Un incarico a Pierluigi Bersani con difficoltà potrà portare a un nuovo esecutivo, perché ciascun partito è rimasto per lo più fermo sulle sue posizioni. La partita si prevede lunga, una via di uscita non è alle viste, ed è sempre difficile un colpo da maestro, come è stato una settimana fa con l’indicazione di Laura Boldrini e Piero Grasso al posto dei soliti nomi di nomenklatura.

Intanto l’economia precipita. Negli Stati Uniti e nei paesi emergenti la realtà migliora a vista d’occhio, ma in Europa tutti tranne la Germania arrancano, prigionieri delle loro difficoltà. Ci mancava solo Cipro per dimostrarci, se ci fosse stato bisogno, che il pericolo del default della moneta unica non è poi così remoto. In Italia la situazione sociale sta diventando sempre più precaria. Al di là della crescita abnorme e senza limiti della povertà nel nostro paese, preoccupa che siano finite le risorse per finanziare la cassa integrazione in deroga. Manca un miliardo di euro e il governo in carica, competente solo per gli affari ordinari, non può tecnicamente intervenire. Sarebbe davvero la fine se non ci fossero più i soldi per pagare gli assegni di chi è in cassa integrazione, ma è quello che potrebbe praticamente accadere.

Le parti sociali affrontano questa situazione con grande difficoltà, come dimostrano i dibattiti accesi che si stanno sviluppando al loro interno. Lo tsunami politico per il momento ha risparmiato le rappresentanze sociali, ma l’onda di ritorno di questa pericolosa antipolitica non può alla lunga non interessarle. I collegamenti tra le confederazioni dei lavoratori e il mondo della politica erano troppo scoperti alla vigilia del voto per non provocare una reazione una volta aperte le urne. Il timore di uno sconquasso sindacale è forte e anche per questo le tre confederazioni dei lavoratori hanno ripreso con forza, anche se velato da un comprensibile riserbo, il dialogo con la Confindustria sui temi della rappresentanza.

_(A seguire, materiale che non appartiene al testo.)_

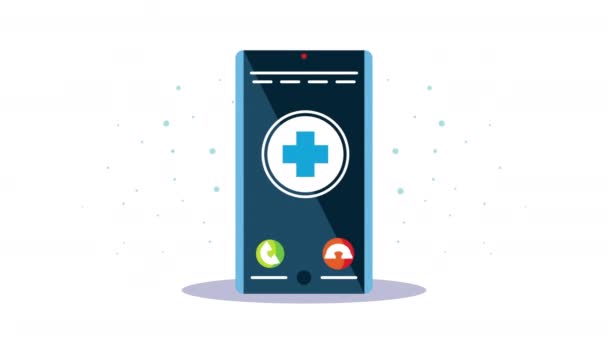 Medical cross in smartphone animation — Stock Video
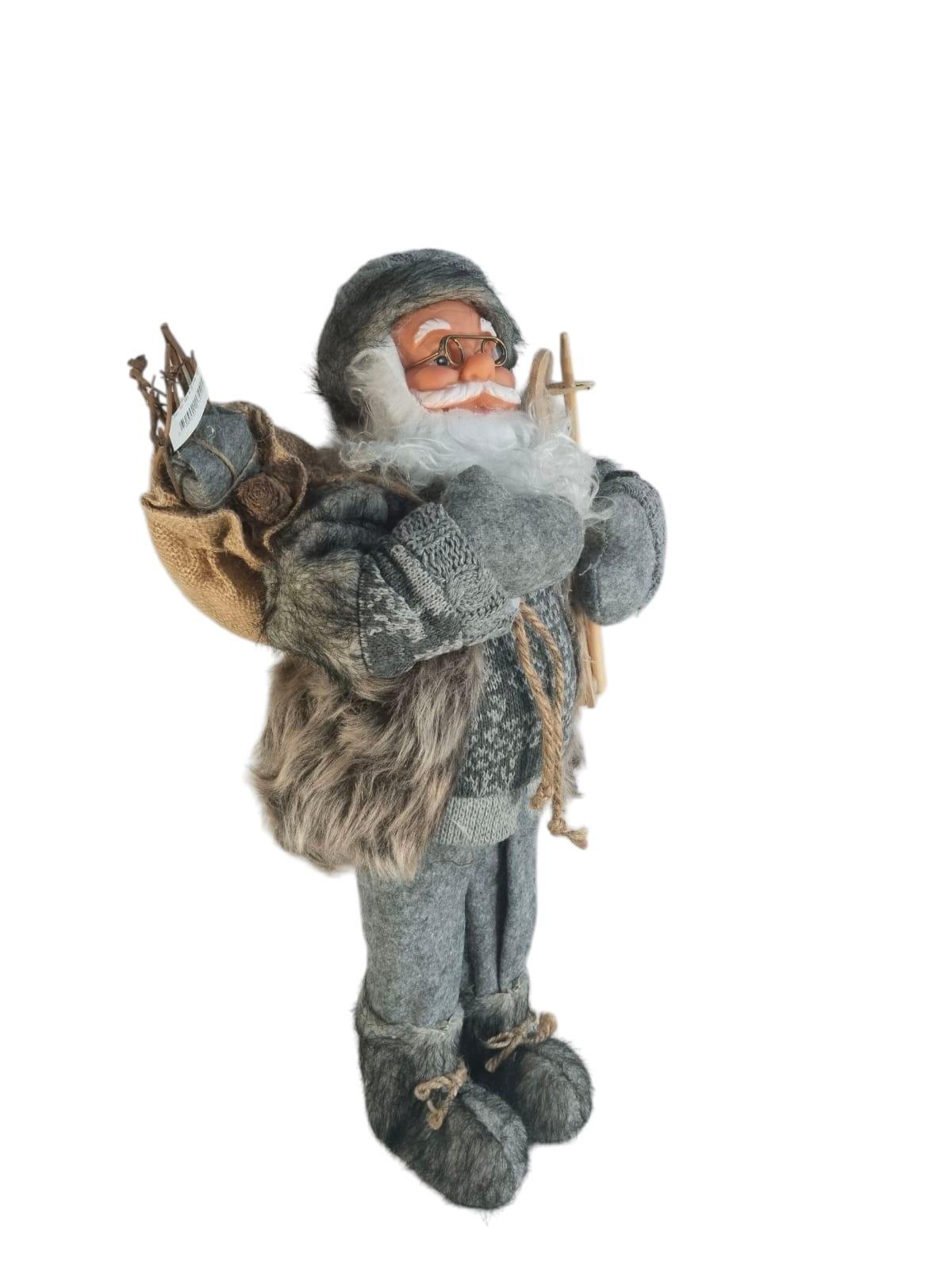 Yılbaşı Noel baba 60 cm kayak takımlı model Gri Kürklü Çuvallı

Quello che manca in questo momento sono precise regole di comportamento alle quali attenersi e per questo sindacati e imprenditori pensano sia opportuno darsi delle regole che dicano quanto e cosa rappresenti ciascuno di loro, come è possibile avere una sola piattaforma rivendicativa quando si deve rinnovare un contratto, quando un accordo può considerarsi valido e applicabile a tutti gli interessati, come si esercita il diritto di sciopero, quali sanzioni scattano nel momento in cui qualcuno infrange le regole che le parti si sono date. Un negoziato apparentemente facile, in realtà irto di problemi complessi, pratici e politici, che però potrebbero essere superati se i negoziatori fossero sorretti dalla buona volontà. La speranza è che questo negoziato si chiuda in fretta per dimostrare, e ce ne è un gran bisogno, che le parti sociali esistono e sono in grado di affrontare e risolvere i loro problemi. Negli ultimi mesi, ma forse sarebbe il caso di parlare di anni, non hanno dato questa impressione. Sono apparse deboli, poco motivate, incapaci di superare le difficoltà che le dividono. Ma il paese ha bisogno di corpi intermedi forti. Questi sono sempre necessari, perché non è facile governare le società complesse, ma diventano indispensabili  nei momenti particolarmente difficili, come è sicuramente questo che stiamo attraversando.